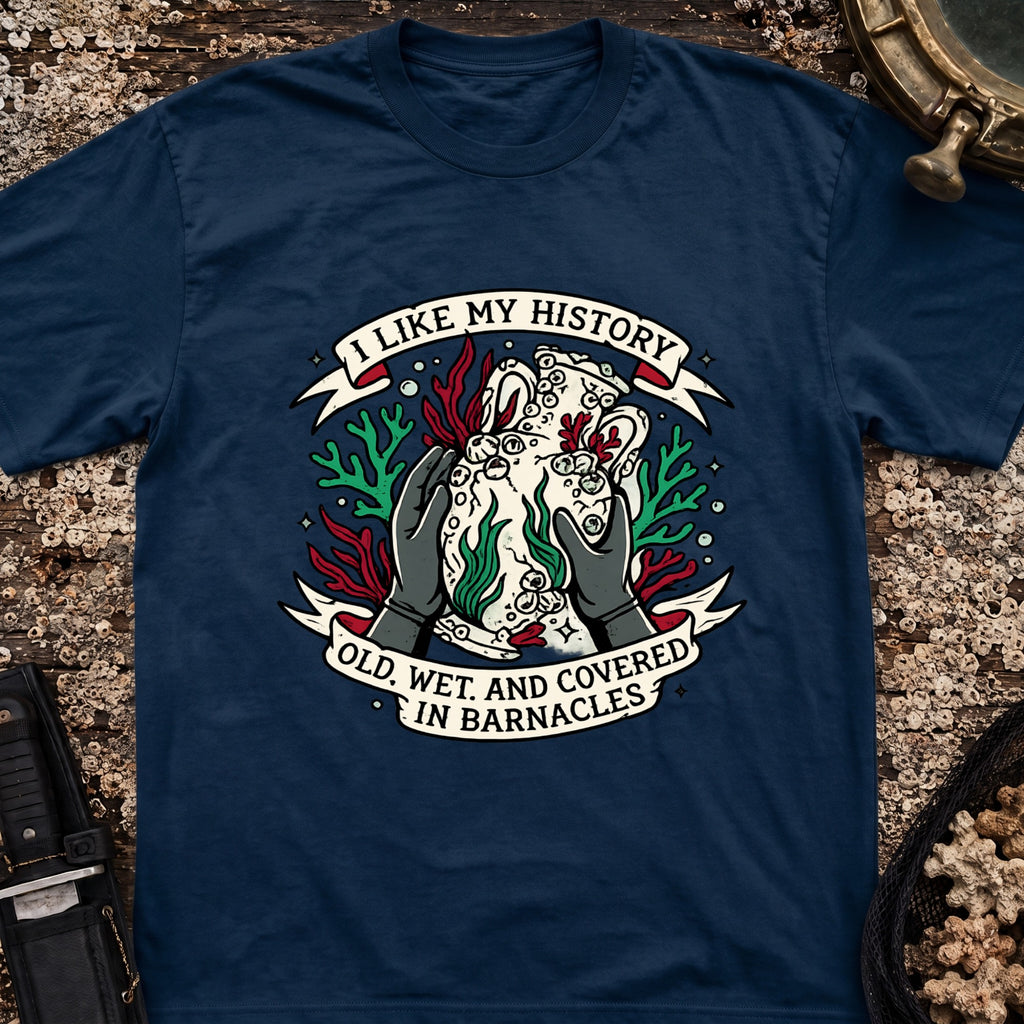 I Like My History, Old, Wet and Covered In Barnacles T-Shirt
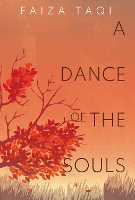 Book Cover for A Dance of the Souls by Faiza Taqi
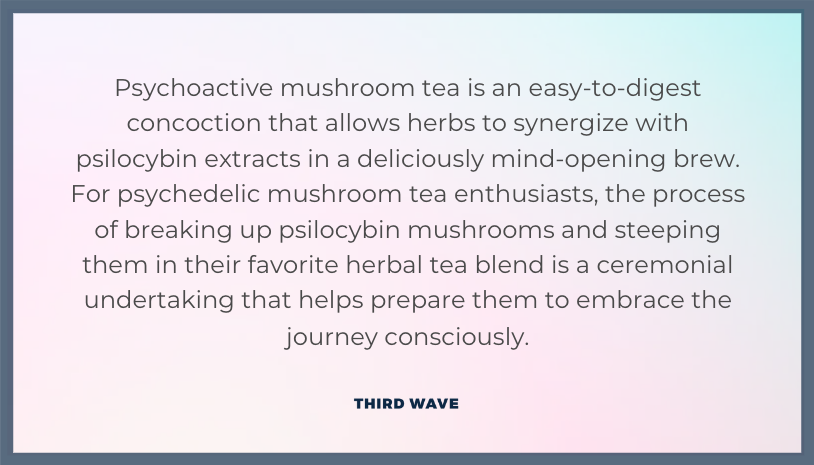 colored image with text discussing psychedelic mushroom tea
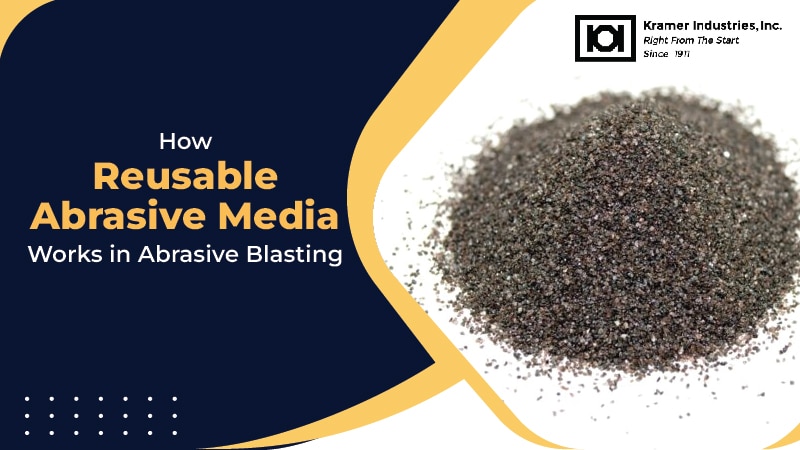 reusable abrasive media-kramer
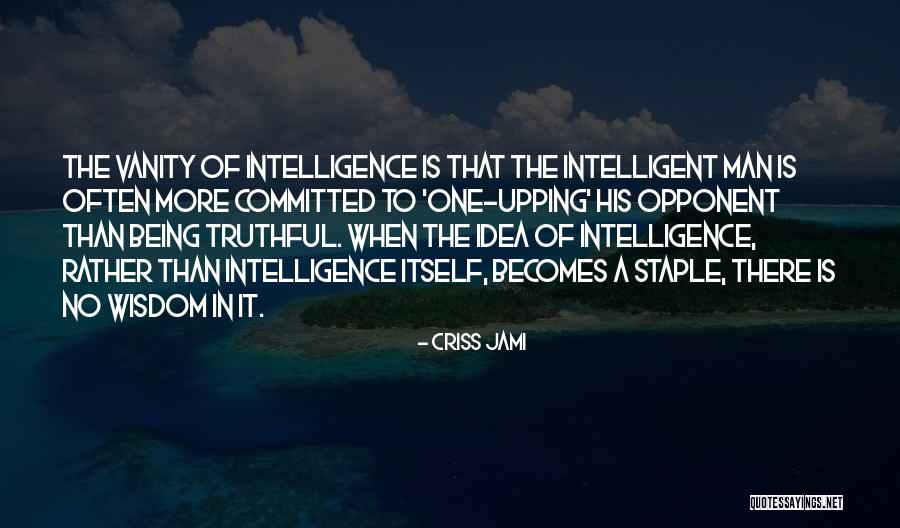 Profound Wisdom Quotes By Criss Jami Profound Wisdom Quotes By Criss Jami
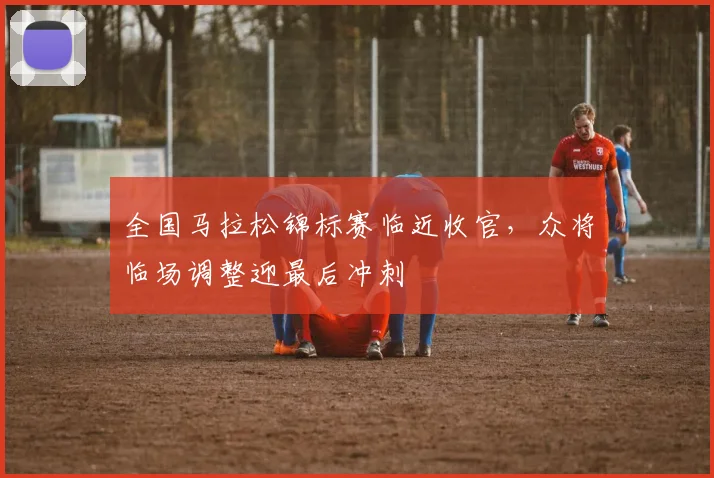 全国马拉松锦标赛临近收官，众将临场调整迎最后冲刺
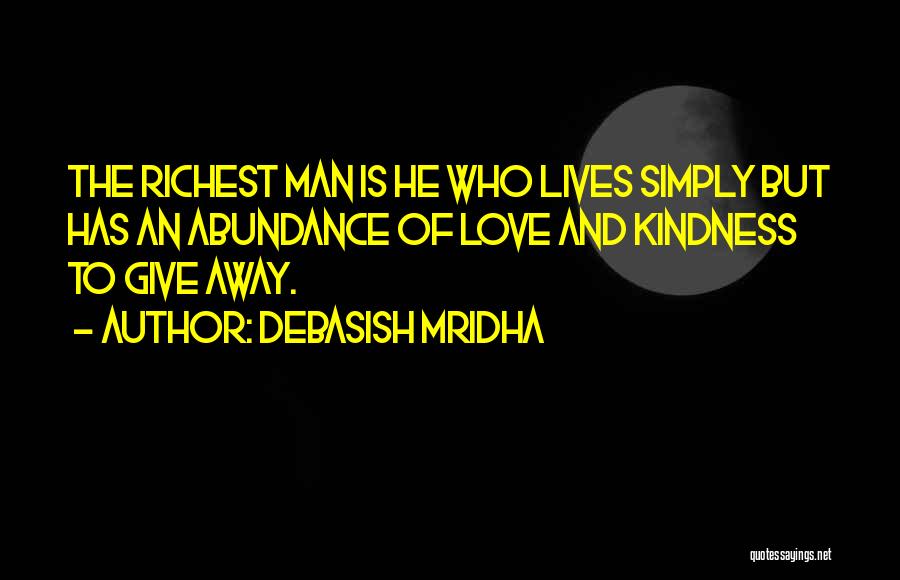 Debasish Mridha Quotes: The Richest Man Is He Who Lives Simply But Has An Abundance Of Love And Kindness To Give Away.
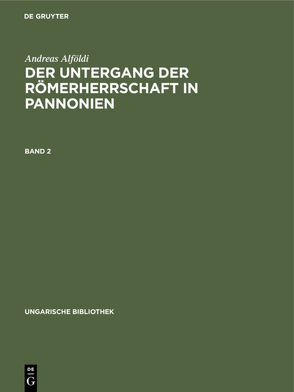 Andreas Alföldi: Der Untergang der Römerherrschaft in Pannonien / Andreas Alföldi: Der Untergang der Römerherrschaft in Pannonien. Band 2 von Alföldi,  Andreas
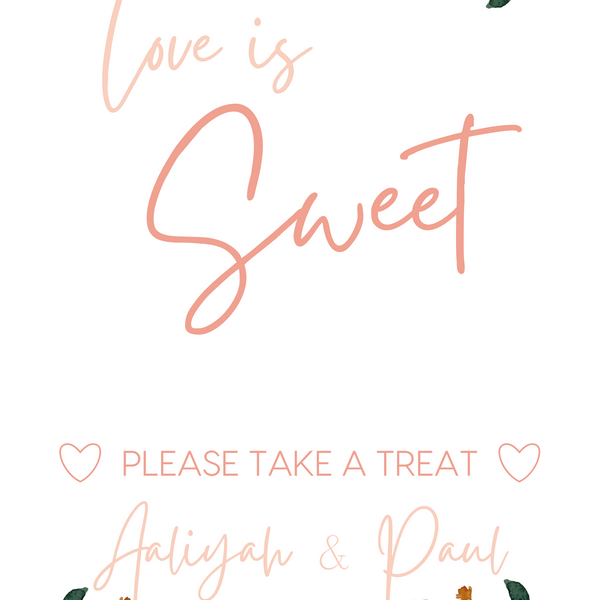 pink and peach floral wedding sweet table sign - personalised love is sweet sign 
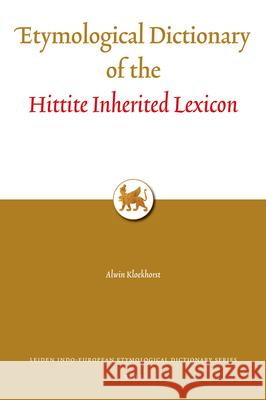 Etymological Dictionary of the Hittite Inherited Lexicon Alwin Kloekhorst 9789004160927 Brill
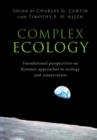 Complex Ecology : Foundational Perspectives on Dynamic Approaches to Ecology and Conservation - Book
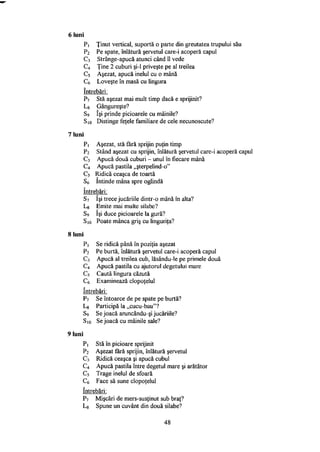 6 luni
Pi Ţinut vertical, suportă o parte din greutatea trupului său
P2 Pe spate, înlătură şervetul care-i acoperă capul
C3 Strânge-apucă atunci când îl vede
C4 Ţine 2 cuburi şi-1 priveşte pe al treilea
C5 Aşezat, apucă inelul cu o mână
C(, Loveşte în masă cu lingura
întrebări:
P7 Stă aşezat mai mult timp dacă e sprijinit?
Lg Gângureşte?
S9 îşi prinde picioarele cu mâinile?
S10 Distinge feţele familiare de cele necunoscute?
7 luni
Pi Aşezat, stă fără sprijin puţin timp
P2 Stând aşezat cu sprijin, înlătură şervetul care-i acoperă capul
C3 Apucă două cuburi - unul în fiecare mână
C4 Apucă pastila „şterpelind-o"
C5 Ridică ceaşca de toartă
56 întinde mâna spre oglindă
întrebări:
57 îşi trece jucăriile dintr-o mână în alta?
L8 Emite mai multe silabe?
S9 îşi duce picioarele la gură?
S10 Poate mânca griş cu linguriţa?
8 luni
Pi Se ridică până în poziţia aşezat
P2 Pe burtă, înlătură şervetul care-i acoperă capul
C3 Apucă al treilea cub, lăsându-le pe primele două
C4 Apucă pastila cu ajutorul degetului mare
C5 Caută lingura căzută
C6 Examinează clopoţelul
întrebări:
P? Se întoarce de pe spate pe burtă?
Lg Participă la „cucu-bau"?
S9 Se joacă aruncându-şi jucăriile?
S10 Se joacă cu mâinile sale?
9 luni
Pi Stă în picioare sprijinit
P2 Aşezat fără sprijin, înlătură şervetul
C3 Ridică ceaşca şi apucă cubul
C4 Apucă pastila între degetul mare şi arătător
C5 Trage inelul de sfoară
C6 Face să sune clopoţelul
întrebări:
P7 Mişcări de mers-susţinut sub braţ?
Lg Spune un cuvânt din două silabe?
48
 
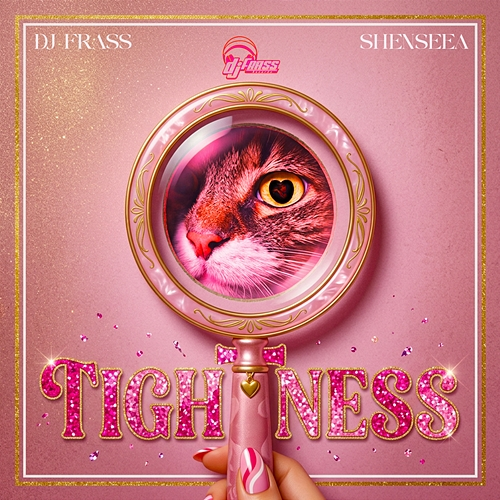 TIGHTNESS Shenseea, DJ Frass
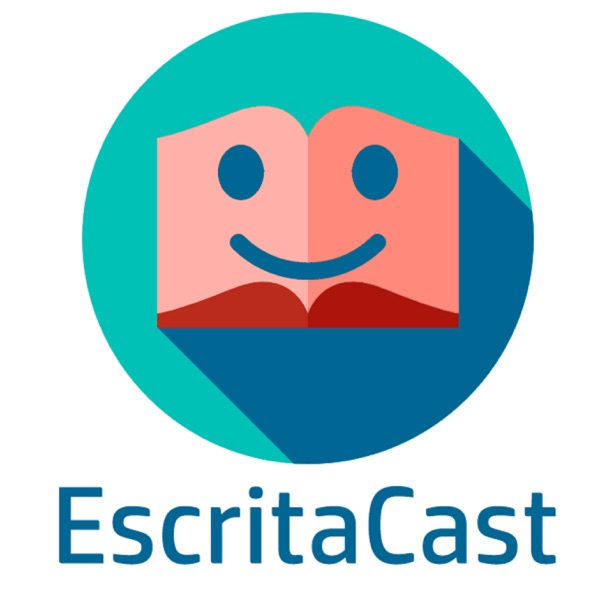 ESCRITACAST - Dicas para Escritores de Ficção com Carlos Rocha e Newton Nitro Artwork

Task item: Going through the entries above, count the lines that have the word "clopoţelul" and state that count alone.

Exercise answer: 2